I Am Legend

Richard Matheson
I Am Legend Cover

A powerful critique of conformist tendencies ...


...and a stark, gripping expression of our greatest fear in the universe: that of utter loneliness.

Richard Neville is the only survivor of a plague, which he later discovers is caused by a bacterial infection, a germ that is killed by sunlight, to which he himself is immune. He forages and loots the remains of the city by day, and barricades himself indoors by sunset ... or when it's overcast. Ominously, he's not alone, for the victims of the plague are around him still, neither alive nor dead. They have turned into the living dead - vampires.

Whereas some tropes in the horror genre uses the supernatural or real life events as inspiration, Matheson make use of rationalist and scientific explanations for his explorations of fear in general, but paricular for the sum of all fears: human loneliness and alienation.

The novel has a stunning, somewhat tragic yet inevitable conclusion. Matheson never reliquishes concerns for his characters, however doomed they may (both the inflicted, and Neville). He is always at pains to argue the exceptional importance of human dignity no matter how frightening and horrific his characters' circumstances. And on his way in doing so, he also dispells a few myths ... and legends.

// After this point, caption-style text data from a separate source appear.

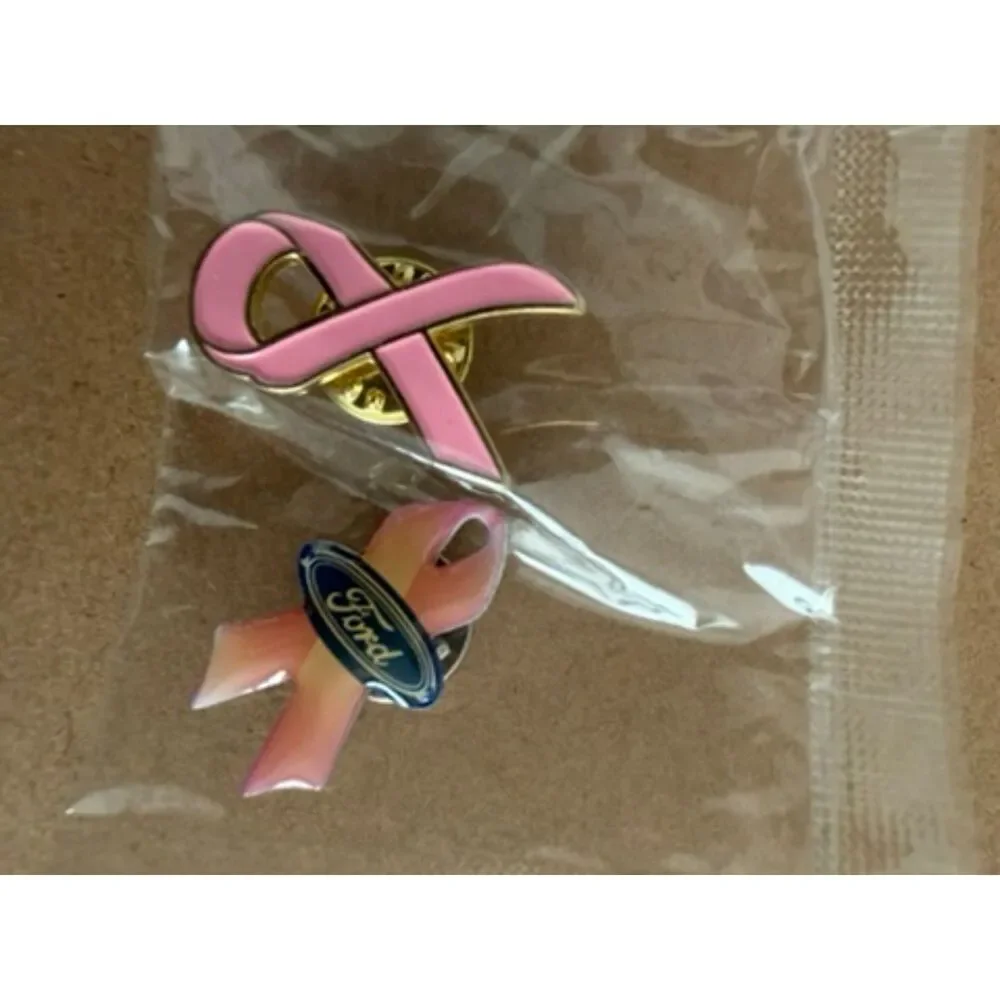 Pink Ribbon label pins one with FORD in center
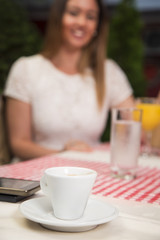 Coffee cup with people in background.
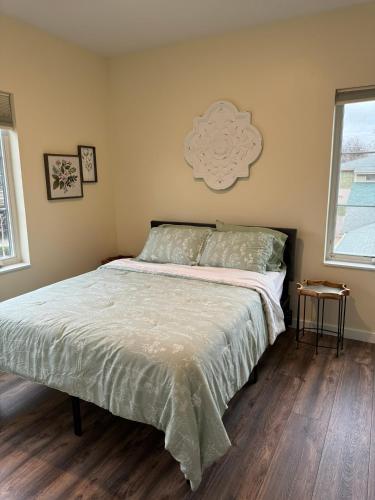 a bedroom with a bed with a white comforter at N Walnut Street in Bloomington
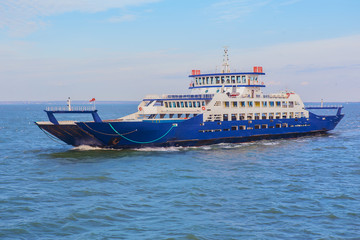 Sea freight ferry moves along the sea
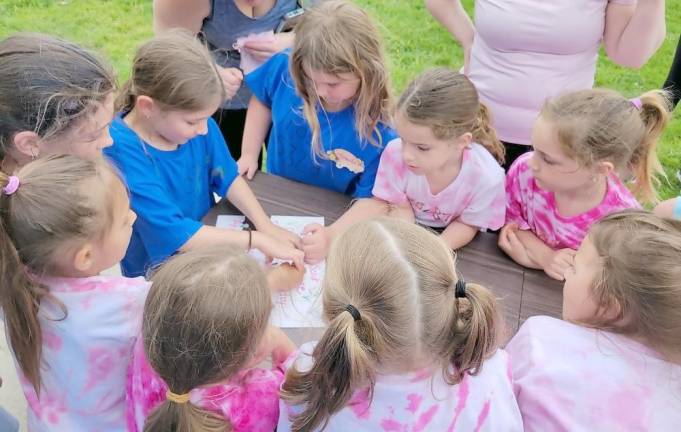 Girls in the Daisies troop play a puzzle game.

The book has been filmed three times: Last Man on Earth (1964), The Omega Man (1971) and I am Legend (2007), none of which paticularly satisfying. The films might be able to catch a glimmer of what Matheson brought to the pages, but they can never (and did not with their typical Hollywood "legend" and heroic endings) truly translate the story (for the heroic death of the "legend" is exactly what this novel opposses). But the novel did become the inspiration for a whole subgenre of sf feauturing flesh-eating zombies, in examples like George Romero's proficient Night of the Living Dead (1968), in itself striking commentary on the human condition.

This is a story of one man overcoming all obstacles and fighting to defend his way of life and his very humanity, doing what is necessary to survive. As do the vampires. By the end of the story, Neville does indeed become legend, both in his world and in the new society.